There, trees are sharp, the moon, pure white,
and owls arise to greet their working light
as summer constellations reappear
to celebrate the solitude of night,
the cardinal flower and the lantern flame,
the banks of rustling jade. But I am here.
Only in my mind, the laurel’s bright
and time is just the sun and stars and night.
Anne Sheldon
The judge for the quarterly prize for the Spring issue was poet Diana Der Hovanessian. Her work has appeared widely, in Agni, American Scholar, Nation, and others. She is author of 25 books of poetry and translations, including Dancing at the Monastery, her latest. It was through “dance” she first met the current editors of The Lyric (when their father was editor). Nancy Mellichamp was living in Cambridge assisting flamenco dancer Victorio with his classes in Harvard Square. One warm summer day, Diana was walking in back of the post office and the Spanish music from the open class room door led her to join in, thinking flamenco would be good assertiveness training. Nancy gave her private “catch-up” lessons and soon they were friends and the class was rehearsing and having tea with Diana. Her choice and comments are below.
It was truly difficult to choose just one poem for this issue’s Quarterly prize because there were so many to admire, including several written by friends and writers I have known for years through new England Poetry Club! And those, of course, I could not pick.
My final choice, “An Argument,” grabbed my attention with its first line calling a moth ‘a monstrous thing” ( I too had always found moths repulsive ‘with their hideous bodies.’ But the poet goes on, not repelling, but amusing with his comparisons and his conclusion: that beauty becomes admired not only because of its intrinsic lovely self but also because of contrast with the beastly. And the poet, David Nolta, does it, writes it, in witty, elegant couplets.
AN ARGUMENT
Up close, and still, a moth’s a monstrous thing,
But in the air a gorgeous fluttering.
Likewise am I (no! please don’t turn around!)
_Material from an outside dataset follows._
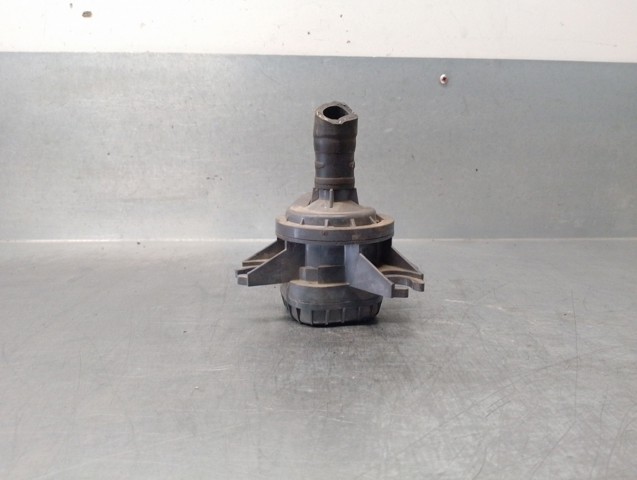 G904052010 Bomba de agua eléctrica auxiliar  comprar en Pontevedra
Best glimpsed in motion, in the middle ground,
Or, like an octopus or elephant,
In a more natural environment
Than this poor cage of lines, cramped and ill-read,
No more at home than they’d be in a bed.
And so, before you brush me off your sleeve,
Order me out, or bring me down, and leave,
Consider (from as many points of view
As I’ve considered with regard to you)
Where best I might be kept in your relation
In order to enhance your estimation.
Please choose this use for me, whom you despise
For all my looks---tusks, tentacles, and eyes:
You’ll find all find you lovelier looking at
(With pity false or true) the beast. And that
Is how the monster knows himself to be,
And what he knows: no beauty without me.